Ben Henry: You’re listening to Consilience, a podcast from The Scientist magazine. This month, we’re bringing you stories about music and the brain. I’m Ben Henry.

Our first story is about why we like the music that we like. To help me untangle the research on this topic, I’m talking with Diana Kwon, a staff writer for The Scientist magazine. Diana, thanks for talking with me.

Diana Kwon: Thanks for having me.

BH: So, you wrote a piece in the March issue of The Scientist called “Musical Tastes: Nature or Nurture.” That story starts in the late nineteen nineties, with a study by two Harvard psychologists, Marcel Zentner and Jerome Kagan, who wanted to know whether four-month old infants preferred consonant musical chords over dissonant ones.

DK: From my understanding it’s the first time somebody actually sat down and said: Okay, let’s take some babies and see...

BH: What they would do is sit a baby down in front of a speaker. They played each kid two versions of a melody. One version contained consonant chords, a combination of notes that just sound nice together [C major plays]. The other version had slightly different chords that sound a little bit grating [C diminished plays]—dissonant chords.

Zentner and Kagan found that these very young children didn’t appear to like the dissonant music: they were fidgety, they wouldn’t look right at the speaker, they would cry. But when the consonant music played, they were much more likely to just sit contentedly and listen.

DK: And since then, researchers have done a bunch of other studies on kids who are even younger, and even in animals like chimps and baby chickens, and have found similar things. There’s just been increasing evidence building that maybe there’s some sort of preference at an early age.

BH: We think of our musical preferences as being highly personal and subjective. But maybe, some part of it is actually biologically hardwired in us.

Diana spoke to Josh McDermott, who studies this idea at MIT. Here’s a piece of that interview. He’s explaining another reason why we might have an ingrained preference for certain intervals, that is, combinations of notes.

Josh McDermott: I think it comes down to the fact that the particular intervals that are used in Western music, and arguably in music cross-culturally, are not random. The intervals that are most common, or most important, in Western music are typically defined by ratios between the pitches that are simple integer ratios, or approximately so.

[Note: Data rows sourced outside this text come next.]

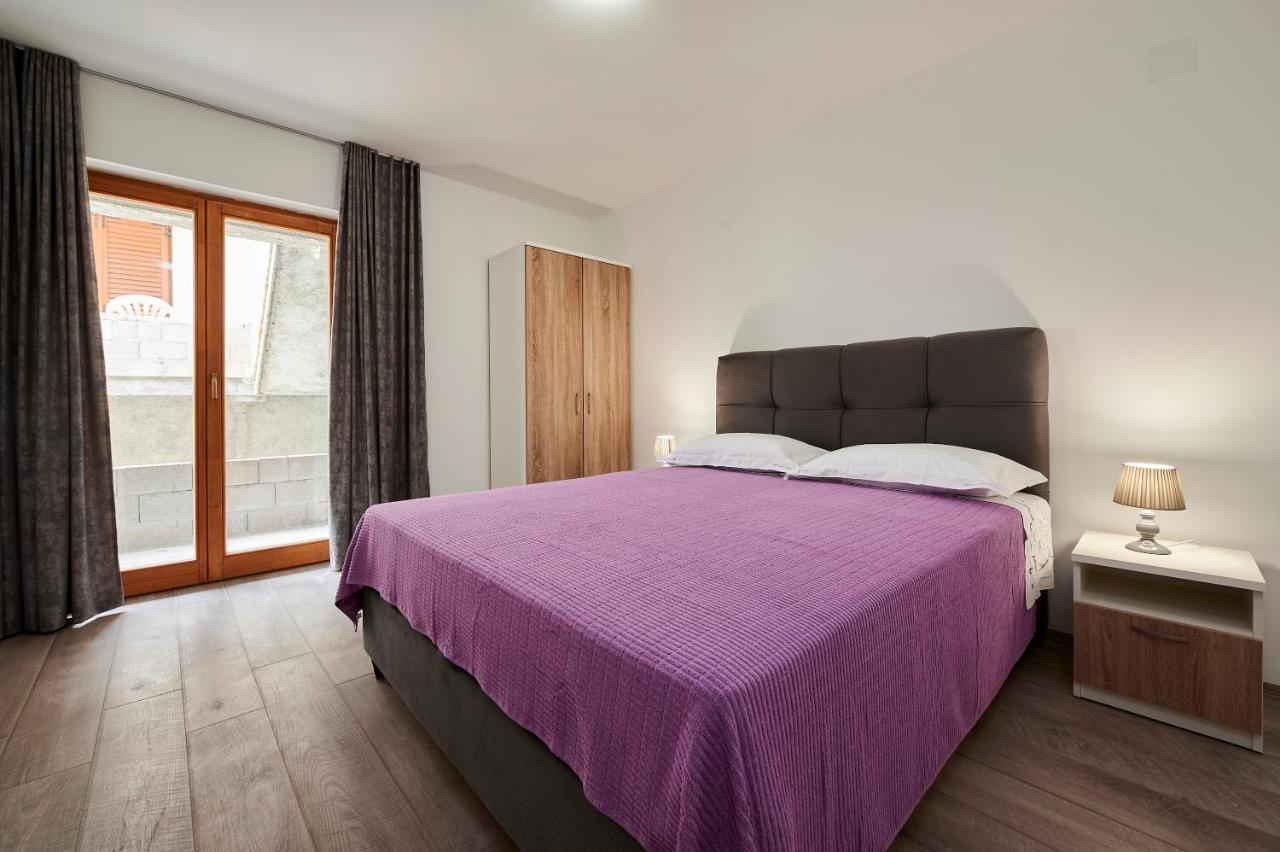 Cutan Appartement Trogir Buitenkant foto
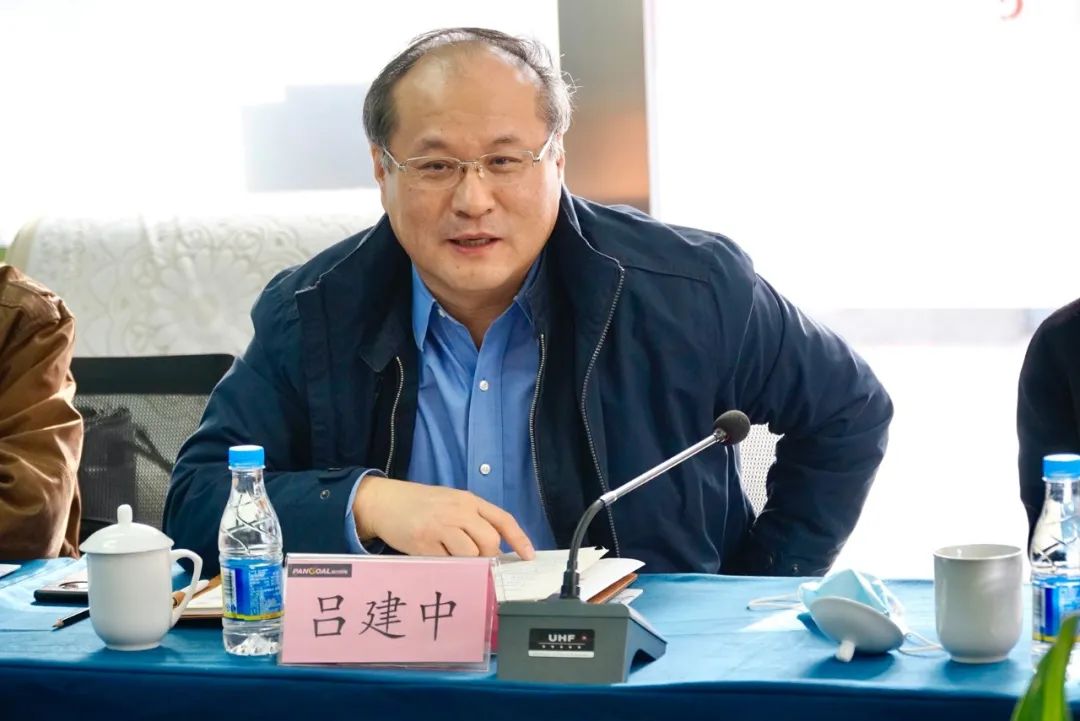 中国石油集团国家高端智库研究中心专职副主任吕建中中国石油集团国家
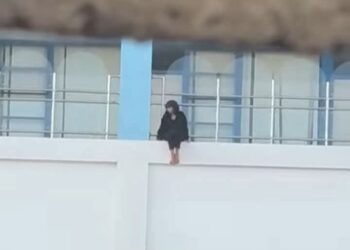 Lima: trágica caída de joven desde el piso más alto del Hospital Rebagliati
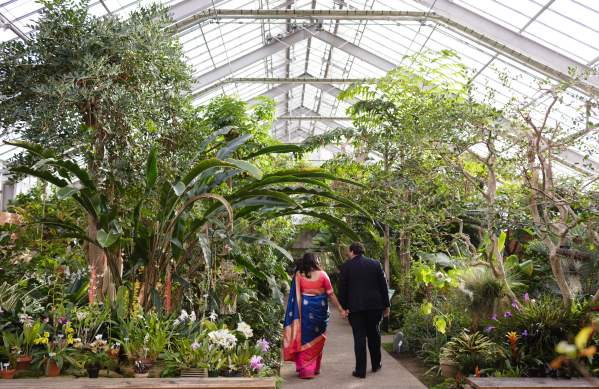 Couple at conservatory at Mattheai Botanical Garden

So they’re not random, and so that seems to indicate, well, there’s got to be some force that’s responsible for the fact they’re not random. And so one possible force is that there’s an intrinsic aesthetic difference between different musical intervals, so people end up using the ones that are more pleasing.

BH: The problem with this argument, that there’s something inherently nice about certain combinations of notes, is that almost all of the studies supporting this idea took place in Western cultures, where we share a musical heritage. From classical music hundreds of years ago to radio hits today, we rely heavily on consonant chords and avoid dissonant ones.

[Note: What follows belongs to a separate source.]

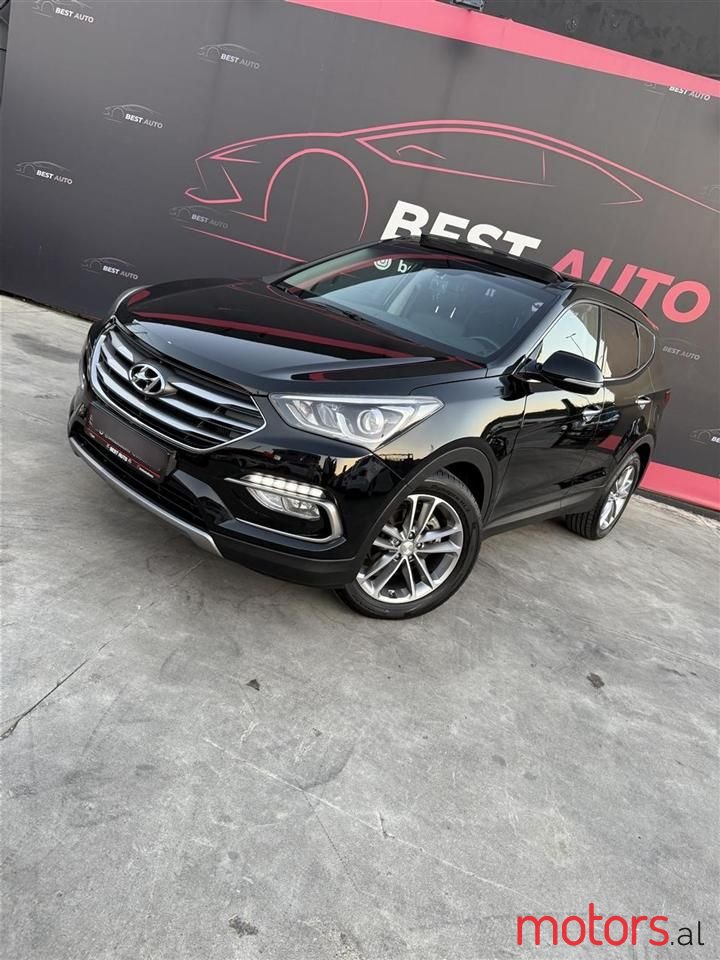 2016' Hyundai Santa Fe photo #2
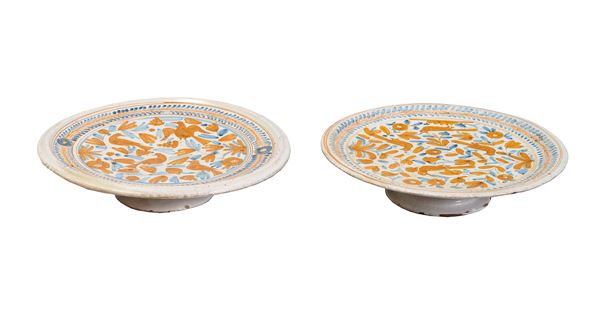 Deruta, XVIII secolo : Pair of risers on wide foot and edge  - majolica in yellow ochre and blue - Auction Majolica, art objects and antique furnishings - Blindarte Casa d'Aste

So, maybe we’re just biased, and the infants in those studies absorbed just enough Western music to show that bias.

To get around that problem, McDermott joined a group of anthropologists and other scientists studying a group of people who don’t listen to Western music—or for that matter, any music other than their own.

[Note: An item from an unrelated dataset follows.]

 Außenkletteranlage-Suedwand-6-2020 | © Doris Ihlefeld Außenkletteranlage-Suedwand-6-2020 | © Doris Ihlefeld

The Tsimane’ live in a vast, remote swath of the Bolivian Amazon. They’re mostly isolated from surrounding cultures. McDermott and his colleagues wanted to know if they had the same aversion to dissonance that we do. Here’s McDermott again.

JM: The first part of the trip that summer, we did a bunch of recording sessions with the Tsimane’ musicians, so that was pretty fun and quite interesting. So we set up a little recording studio as best we could in this one building in this town. A few weeks before we arrived, we arranged for there to be a big announcement broadcast that we were looking for musicians. They just started showing up—some of them had traveled days basically to come hang out and play music.

BH: The music the Tsimane’ played for them sounded fabulously unlike anything you would hear on the radio.

So McDermott’s team had this unique opportunity to study people whose musical experience was completely different from those of us raised in Europe or North America. Diana can explain the experiments they did.

DK: What they would do is—kind of like what the researchers would do back in the nineties—they would play clips of music, and because they were adults they were able to just ask them whether they preferred one piece of music to another. Another important thing they needed to do was figure out whether this group of people could tell the difference between these two different types of tones.

BH: McDermott and his colleagues found that the Tsimane’ were perfectly able to tell the difference between consonant and dissonant sounds. But when they were asked to rate those clips of music on a scale according to how much they enjoyed it, they gave consonant and dissonant music the same ratings.

Unlike Westerners, the Tsimane’ didn’t have an ingrained distaste for dissonance. But the story is complicated, McDermott says.

JM: One cautionary note I would provide is that most people, myself included, would shy away from these black and white distinctions between being innate and learned. A lot of people would say nothing is completely innate . . . and in my mind, there’s a real vacuum in terms of having good experiments in pretty remote cultures.

BH: Even if we’re all born with a preference for consonance, the Tsimane are evidence that it can be overruled by culture. If there is something truly universal about musical tastes, we haven’t found it yet.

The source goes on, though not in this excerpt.